EXERCISE AIM: Output exactly the lines from the one holding "Rebecca Taylor Vegan" through the final line of the entries.

(Excerpts from a dataset)
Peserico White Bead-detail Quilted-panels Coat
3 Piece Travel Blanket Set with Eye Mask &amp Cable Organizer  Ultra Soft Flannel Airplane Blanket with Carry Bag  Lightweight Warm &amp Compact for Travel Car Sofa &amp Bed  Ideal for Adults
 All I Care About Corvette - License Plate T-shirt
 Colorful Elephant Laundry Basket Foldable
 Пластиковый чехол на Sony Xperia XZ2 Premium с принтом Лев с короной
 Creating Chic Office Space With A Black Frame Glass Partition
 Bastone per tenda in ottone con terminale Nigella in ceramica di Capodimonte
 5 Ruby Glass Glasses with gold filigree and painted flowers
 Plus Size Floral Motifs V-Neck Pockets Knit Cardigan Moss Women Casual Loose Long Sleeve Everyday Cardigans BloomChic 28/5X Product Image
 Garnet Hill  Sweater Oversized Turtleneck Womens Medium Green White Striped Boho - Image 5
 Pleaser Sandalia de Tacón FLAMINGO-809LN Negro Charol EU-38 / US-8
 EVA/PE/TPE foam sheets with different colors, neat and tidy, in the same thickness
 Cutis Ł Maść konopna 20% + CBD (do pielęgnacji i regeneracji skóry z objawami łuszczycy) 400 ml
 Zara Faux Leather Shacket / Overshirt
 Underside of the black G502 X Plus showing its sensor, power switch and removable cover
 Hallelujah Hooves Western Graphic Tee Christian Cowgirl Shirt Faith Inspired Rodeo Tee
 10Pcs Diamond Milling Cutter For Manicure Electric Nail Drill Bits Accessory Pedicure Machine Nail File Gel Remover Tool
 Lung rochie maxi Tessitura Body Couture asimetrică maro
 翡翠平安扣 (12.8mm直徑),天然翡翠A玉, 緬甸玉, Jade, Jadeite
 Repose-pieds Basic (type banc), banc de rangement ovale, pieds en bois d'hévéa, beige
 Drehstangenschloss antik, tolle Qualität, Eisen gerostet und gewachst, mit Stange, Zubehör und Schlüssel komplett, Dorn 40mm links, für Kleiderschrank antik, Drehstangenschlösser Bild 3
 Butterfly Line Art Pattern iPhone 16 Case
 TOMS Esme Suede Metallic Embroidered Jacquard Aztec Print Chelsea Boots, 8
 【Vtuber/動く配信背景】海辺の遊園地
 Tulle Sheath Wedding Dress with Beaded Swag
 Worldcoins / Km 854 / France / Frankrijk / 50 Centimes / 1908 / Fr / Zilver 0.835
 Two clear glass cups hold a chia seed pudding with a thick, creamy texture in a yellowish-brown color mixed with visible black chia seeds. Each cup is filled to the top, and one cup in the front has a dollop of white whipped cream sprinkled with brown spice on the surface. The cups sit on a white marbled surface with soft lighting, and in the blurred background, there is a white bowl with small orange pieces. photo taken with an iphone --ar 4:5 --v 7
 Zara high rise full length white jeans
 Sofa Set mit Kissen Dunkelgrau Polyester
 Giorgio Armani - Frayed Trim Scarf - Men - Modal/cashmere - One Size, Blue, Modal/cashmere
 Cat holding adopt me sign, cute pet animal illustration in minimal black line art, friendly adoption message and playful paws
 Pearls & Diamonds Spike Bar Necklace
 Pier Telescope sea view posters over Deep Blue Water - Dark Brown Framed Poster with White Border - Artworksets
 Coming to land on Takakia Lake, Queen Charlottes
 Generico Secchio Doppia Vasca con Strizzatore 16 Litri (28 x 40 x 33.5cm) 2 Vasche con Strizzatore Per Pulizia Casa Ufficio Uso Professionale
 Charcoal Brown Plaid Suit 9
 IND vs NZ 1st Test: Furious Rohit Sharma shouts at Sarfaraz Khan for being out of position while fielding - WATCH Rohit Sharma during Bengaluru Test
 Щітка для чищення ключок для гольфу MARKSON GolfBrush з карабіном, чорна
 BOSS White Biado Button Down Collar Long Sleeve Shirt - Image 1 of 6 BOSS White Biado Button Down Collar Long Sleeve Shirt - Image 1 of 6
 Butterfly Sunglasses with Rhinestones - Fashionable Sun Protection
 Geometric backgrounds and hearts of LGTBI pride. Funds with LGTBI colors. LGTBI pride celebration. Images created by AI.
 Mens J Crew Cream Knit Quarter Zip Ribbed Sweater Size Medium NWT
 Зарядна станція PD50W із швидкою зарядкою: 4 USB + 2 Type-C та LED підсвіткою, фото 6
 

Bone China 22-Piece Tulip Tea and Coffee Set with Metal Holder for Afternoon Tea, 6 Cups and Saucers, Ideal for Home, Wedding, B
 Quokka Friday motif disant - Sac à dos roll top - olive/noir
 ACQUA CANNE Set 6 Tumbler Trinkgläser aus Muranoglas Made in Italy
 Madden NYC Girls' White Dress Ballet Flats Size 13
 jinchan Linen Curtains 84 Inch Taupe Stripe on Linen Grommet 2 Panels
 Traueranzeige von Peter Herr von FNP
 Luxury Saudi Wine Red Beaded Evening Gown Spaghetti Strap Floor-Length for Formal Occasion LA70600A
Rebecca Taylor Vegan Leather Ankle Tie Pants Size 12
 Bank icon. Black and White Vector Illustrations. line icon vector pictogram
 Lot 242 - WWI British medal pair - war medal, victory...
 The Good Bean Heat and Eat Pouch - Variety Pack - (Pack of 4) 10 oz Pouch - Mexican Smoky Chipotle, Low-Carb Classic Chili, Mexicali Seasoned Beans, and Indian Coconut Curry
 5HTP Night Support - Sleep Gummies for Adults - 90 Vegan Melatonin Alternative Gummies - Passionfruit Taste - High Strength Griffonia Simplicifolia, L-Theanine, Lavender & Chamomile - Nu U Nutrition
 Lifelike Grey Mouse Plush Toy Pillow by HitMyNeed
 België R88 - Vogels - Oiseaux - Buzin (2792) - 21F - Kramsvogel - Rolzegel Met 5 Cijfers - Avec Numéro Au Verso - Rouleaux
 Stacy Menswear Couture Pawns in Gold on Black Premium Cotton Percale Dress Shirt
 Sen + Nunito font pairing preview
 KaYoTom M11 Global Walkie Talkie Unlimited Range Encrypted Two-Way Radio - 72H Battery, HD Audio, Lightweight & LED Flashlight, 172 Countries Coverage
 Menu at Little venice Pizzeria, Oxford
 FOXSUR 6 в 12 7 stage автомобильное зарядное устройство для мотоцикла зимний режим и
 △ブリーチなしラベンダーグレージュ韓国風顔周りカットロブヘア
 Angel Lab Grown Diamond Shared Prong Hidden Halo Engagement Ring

ANSWER TO THE PROBLEM:
Rebecca Taylor Vegan Leather Ankle Tie Pants Size 12
 Bank icon. Black and White Vector Illustrations. line icon vector pictogram
 Lot 242 - WWI British medal pair - war medal, victory...
 The Good Bean Heat and Eat Pouch - Variety Pack - (Pack of 4) 10 oz Pouch - Mexican Smoky Chipotle, Low-Carb Classic Chili, Mexicali Seasoned Beans, and Indian Coconut Curry
 5HTP Night Support - Sleep Gummies for Adults - 90 Vegan Melatonin Alternative Gummies - Passionfruit Taste - High Strength Griffonia Simplicifolia, L-Theanine, Lavender & Chamomile - Nu U Nutrition
 Lifelike Grey Mouse Plush Toy Pillow by HitMyNeed
 België R88 - Vogels - Oiseaux - Buzin (2792) - 21F - Kramsvogel - Rolzegel Met 5 Cijfers - Avec Numéro Au Verso - Rouleaux
 Stacy Menswear Couture Pawns in Gold on Black Premium Cotton Percale Dress Shirt
 Sen + Nunito font pairing preview
 KaYoTom M11 Global Walkie Talkie Unlimited Range Encrypted Two-Way Radio - 72H Battery, HD Audio, Lightweight & LED Flashlight, 172 Countries Coverage
 Menu at Little venice Pizzeria, Oxford
 FOXSUR 6 в 12 7 stage автомобильное зарядное устройство для мотоцикла зимний режим и
 △ブリーチなしラベンダーグレージュ韓国風顔周りカットロブヘア
 Angel Lab Grown Diamond Shared Prong Hidden Halo Engagement Ring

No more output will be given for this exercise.